Las presiones para que desista lo hicieron retroceder. Hasta el presidente de la Cámara de Diputados, Mario Cossio, lo había emplazado a decir que renunciaba si se garantizaba la llegada al Palacio Quemado de Eduardo Rodríguez, el presidente de la Corte.

Evo, amenazó con dar “guerra” en las calles y en el Congreso para evitarlo, pero Solares y los dirigentes de El Alto, los mismos que rechazaban las autonomías, vomitaron el Comando General Revolucionario, que desconoce “a las autoridades del Estado, para establecer un autogobierno”, según confió el propio Solares a El Universal.

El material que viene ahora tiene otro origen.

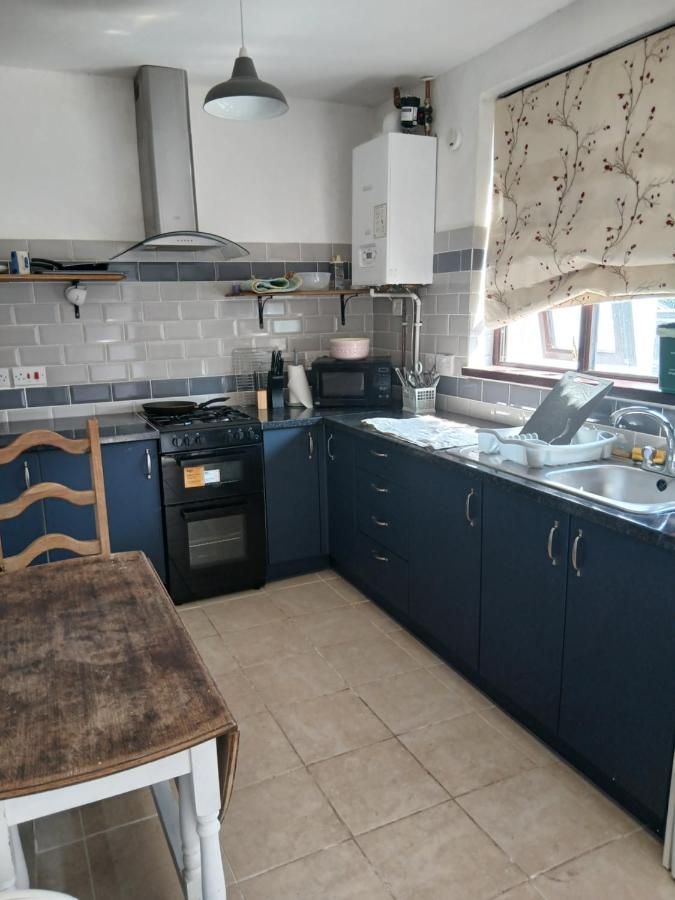 Cottage Style in Ystrad, Double room - B&B Llwynypia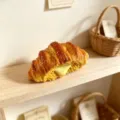 Niedlicher 3D Simulations Croissant Kühlschrankmagnet aus Harz für Küche Dekoration - Käse-Croissant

El mismo que días pasados pidió a gritos un golpe de Estado.

¿A qué intereses responde este “revolucionario” que en el pasado trabajó a las órdenes del dictador Luis García Mesa, un general tan ligado a la CIA como en sus tiempo “cara de piña” Noriega?

¿A los mismos que Vaca?

¿A esos de las ansias secesionistas de Santa Cruz de la Sierra que empujan algunas multinacionales del petróleo ante la mirada expectante de Chile?

“Los planes para que este país se divida son viejos y muy grandes”, sostiene el analista más respetado de lo que hasta ahora sigue siendo Bolivia, Jorge Lazarte. Muchas son las preguntas que afloran, cómo por ejemplo, por qué los políticos no comprenden el espíritu y la cultura de esas decenas de miles de indígenas que por su Pachamama (“la madre tierra”) son capaces de recorrer más de 20 kilómetros sobre Los Andes cada día.

No es mucho lo que tienen para perder, salvo el hartazgo.

Son más los interrogantes del por qué tanta irracionalidad y una sola respuesta: Si no surge el milagro por el que la Iglesia pidió rezar, Bolivia quedara a las puertas del infierno.